In a way it s a bit like using parallel but instead of sending blocks of lines to processes it s using a field to send some specific lines to specific processes.

To give an idea of the last data I had to deal with, I have 13 million lines in 2377 categories. each line have 30K fields on which I am making stats using a specific bash command

Please also help me formulate my question !

Solution

Parallelize stream processing using bash

Yes, bash is the correct tool for running and inter-connect many subtasks.

So in this sample, I will

Create a dedicateds sed script that wull
- run in parallel as many subtasks there are filter, then
run sed to distribute each line of input, regarding filter conditions, to each filter (or ignore them).
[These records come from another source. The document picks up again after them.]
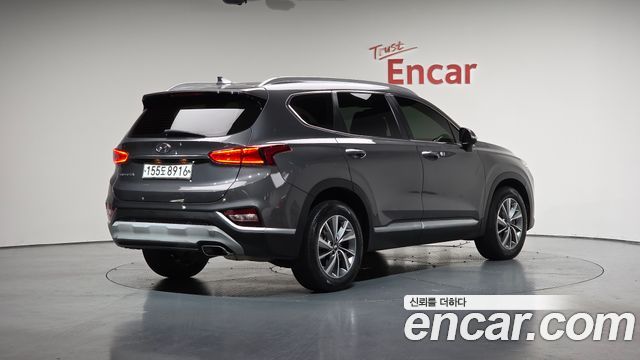 Hyundai | Hyundai Santa FE TM | Santa FE TM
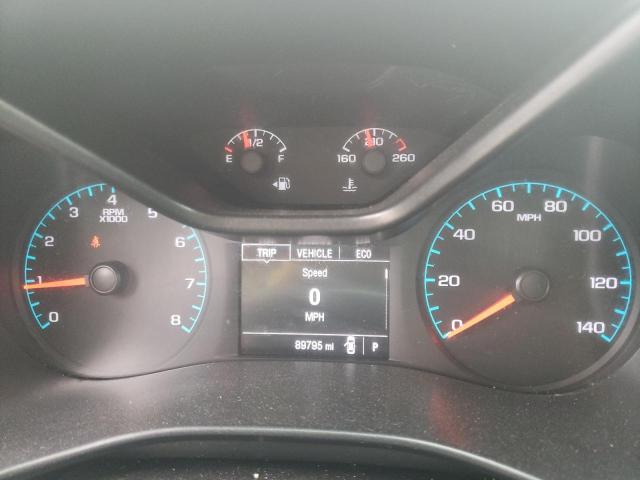 1GCHSBEA7G1253749 Chevrolet Colorado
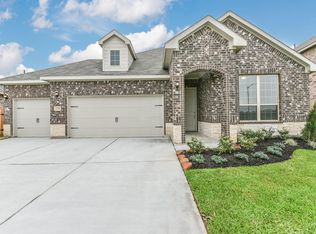 2214 Switchgrass Ln, Rosenberg, TX 77471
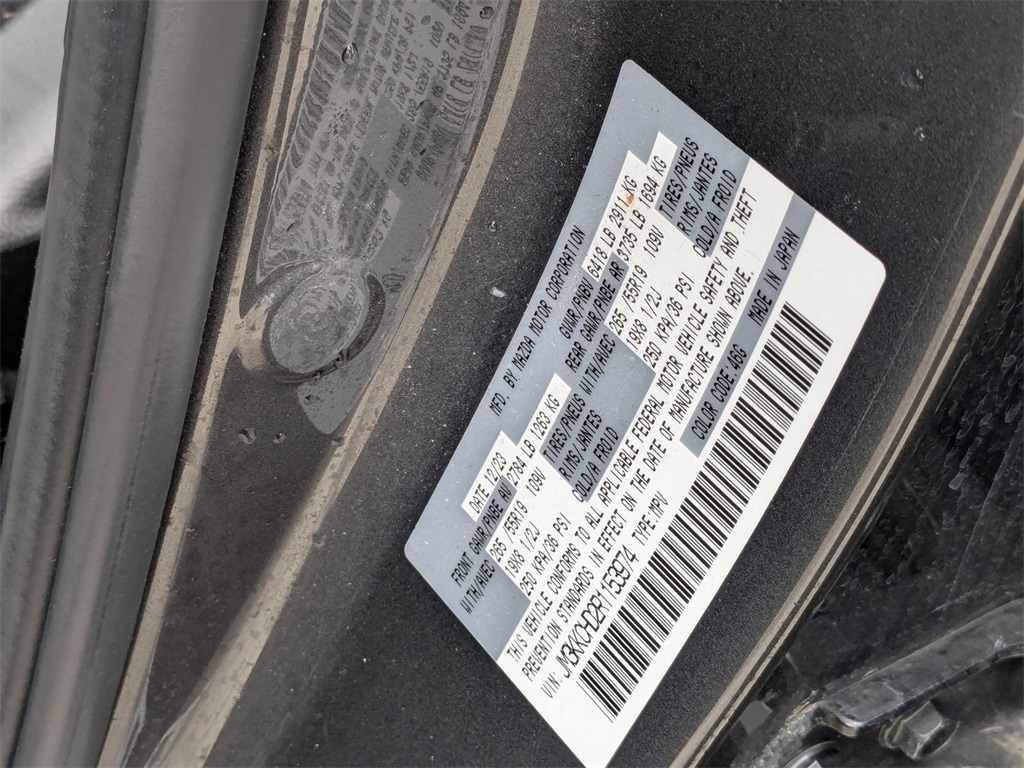 Thumbnail: 2024 Mazda CX-90 - 35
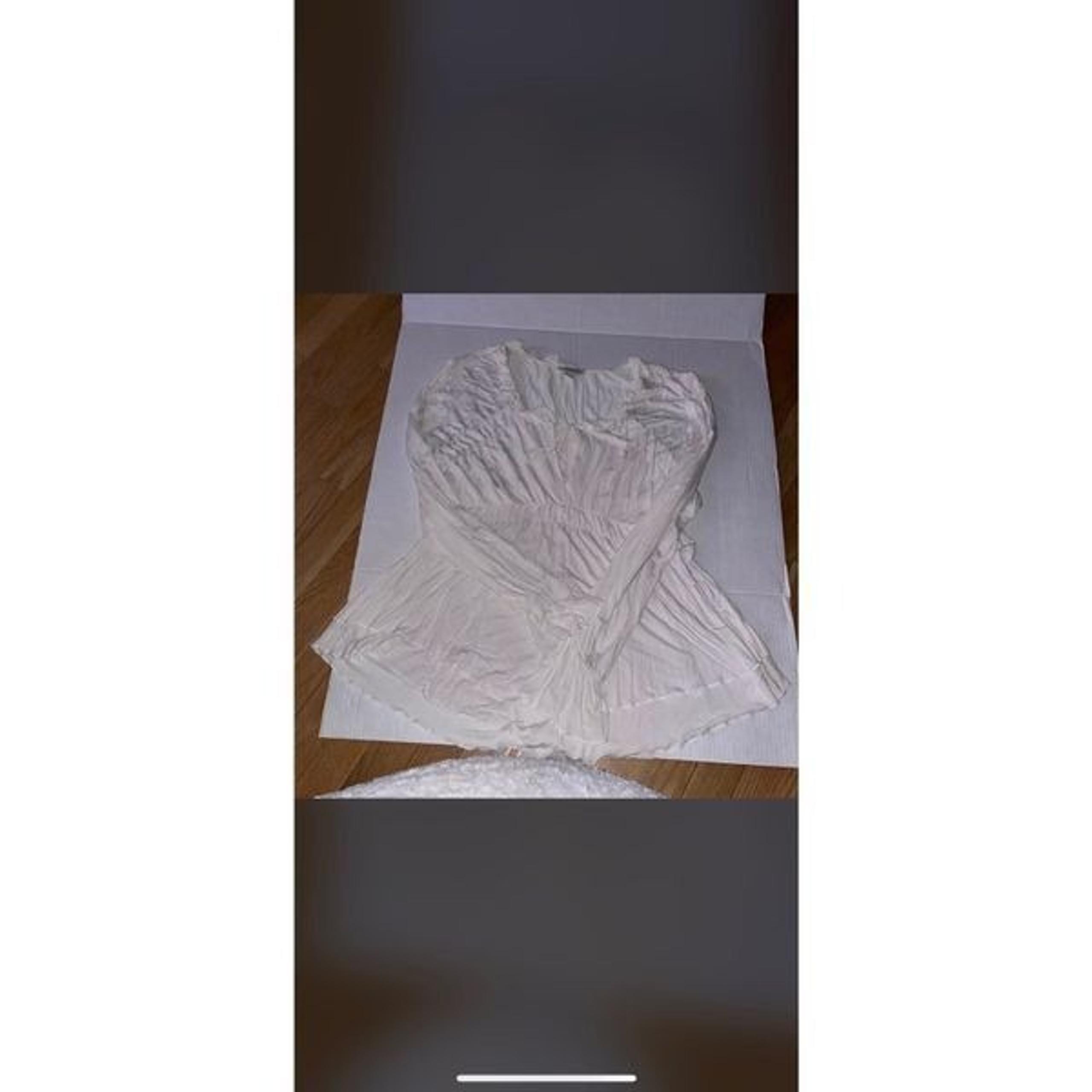 Boston proper tunic blouse xl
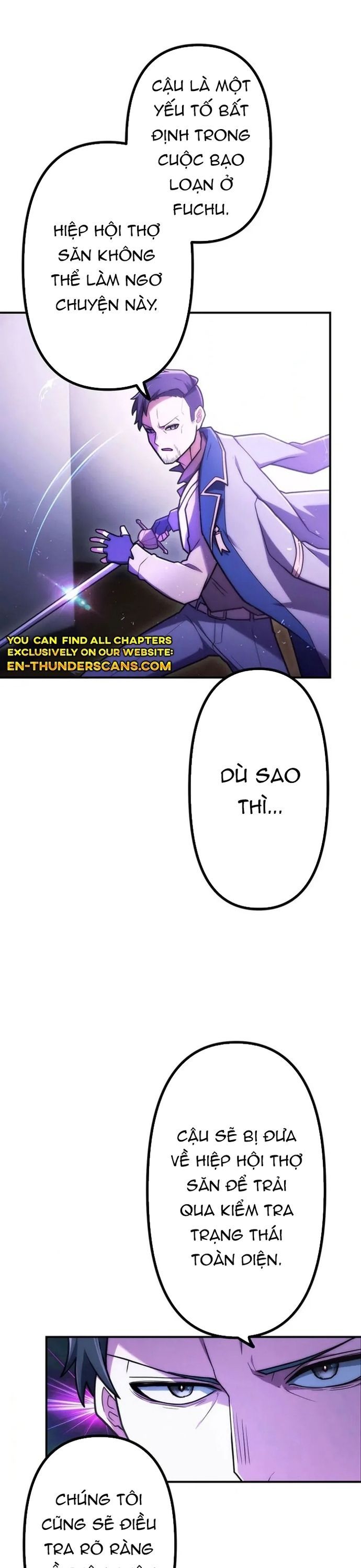 Thăng Cấp Thành Thợ Săn S-Rank Nhờ Ứng Dụng Chúa Quỷ Chapter 59 - 6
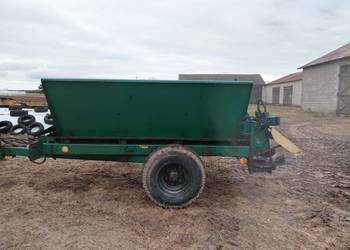 Rozsiewacz wapna łańcuchowy oryginał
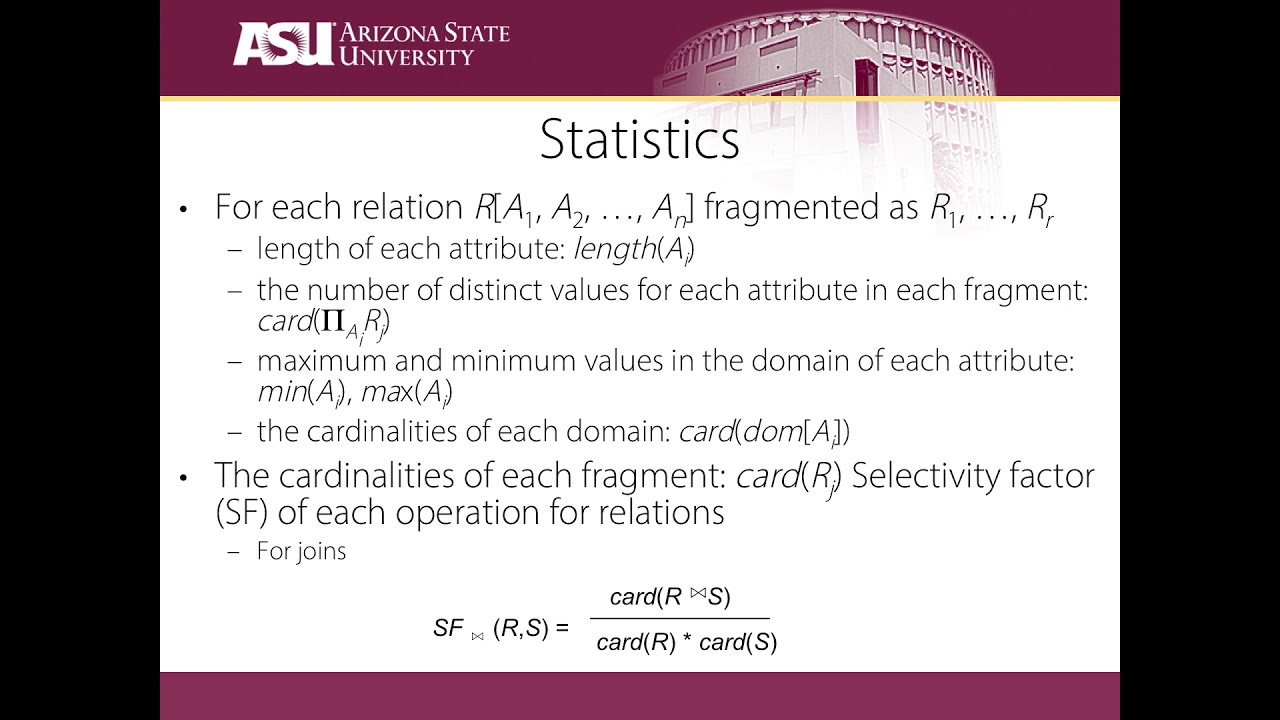 DDS Lecture 6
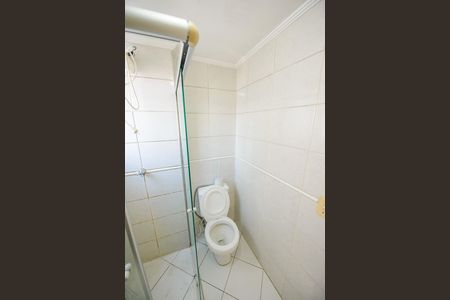 Apartamento para alugar com 6m², 2 quartos e 1 vaga Apartamento para alugar com 6m², 2 quartos e 1 vagaBanheiro da Suíte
Nota as SO request don't ask about outputs, there's nothing done to drive them. Btw, you may have to drive them differently regarding your conditions (separated files, concatenation by ended line, simple concatenation, merging by target, splited by subsequent sed script to different log files, etc...)

(Full bash script using sed at end of this post!)

Using `sed` for stream filtering

a bit like using parallel but instead of sending blocks of lines to processes it s using a field to send some specific lines to specific processes.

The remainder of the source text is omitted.